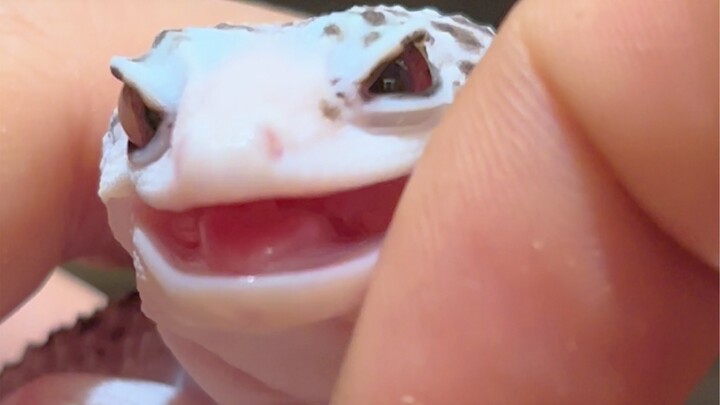 A gecko’s fake eyelashes…
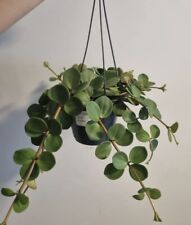 Peperomia hope 12cm for sale  LONDON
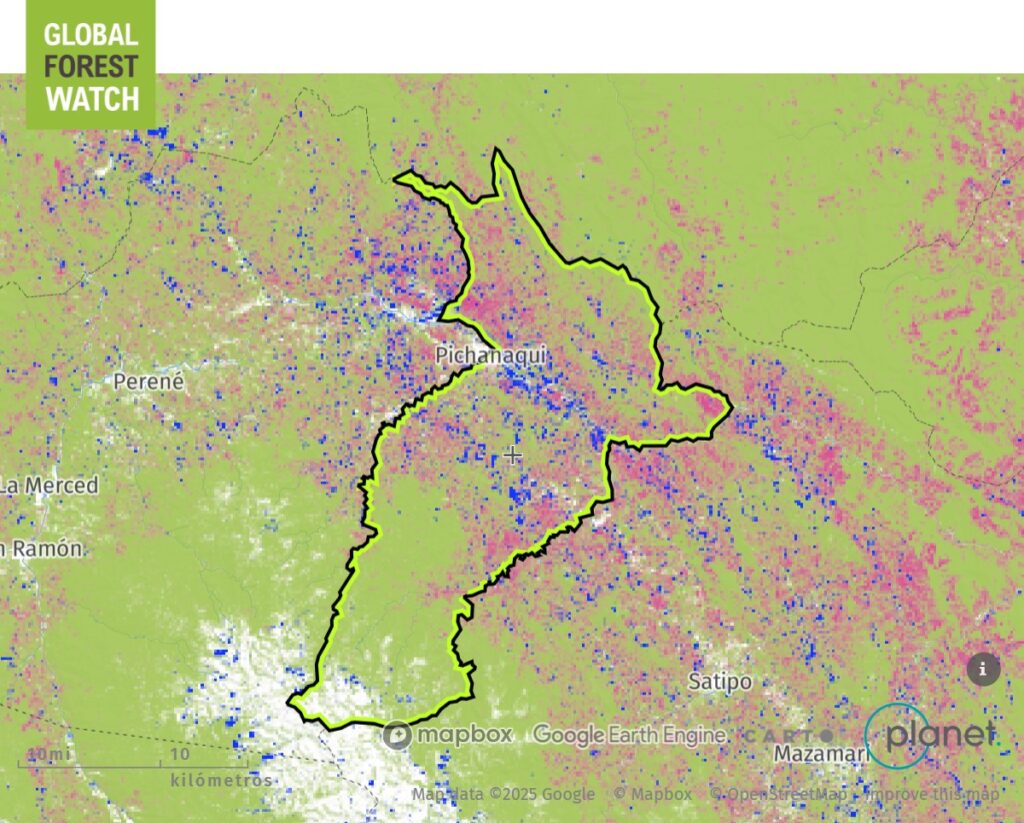 Mapa Satelital Pichanaki Global Forest Watch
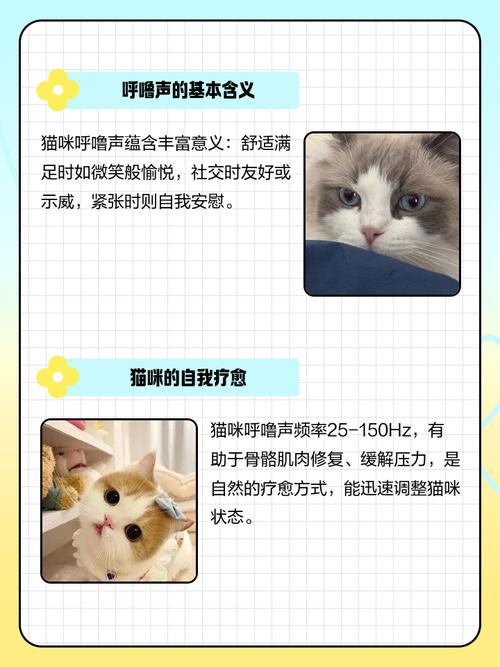 猫咪呼噜声代表什么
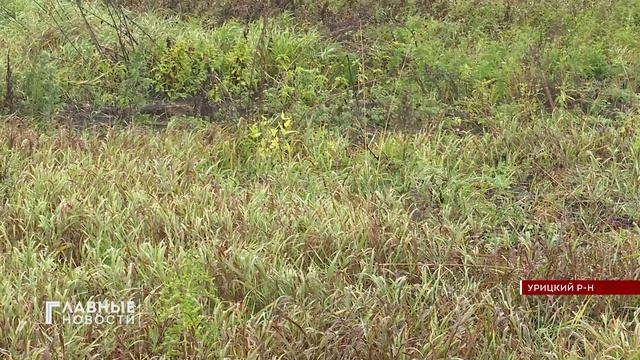 В Нарышкинском природном парке браконьеры застрелили двух косуль.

**WHAT TO PRODUCE**. Output the full material exactly as given, without its pictures.

**OUTPUT OF THE TASK**.
 A gecko’s fake eyelashes…
 Peperomia hope 12cm for sale  LONDON
 Mapa Satelital Pichanaki Global Forest Watch
 猫咪呼噜声代表什么
 В Нарышкинском природном парке браконьеры застрелили двух косуль.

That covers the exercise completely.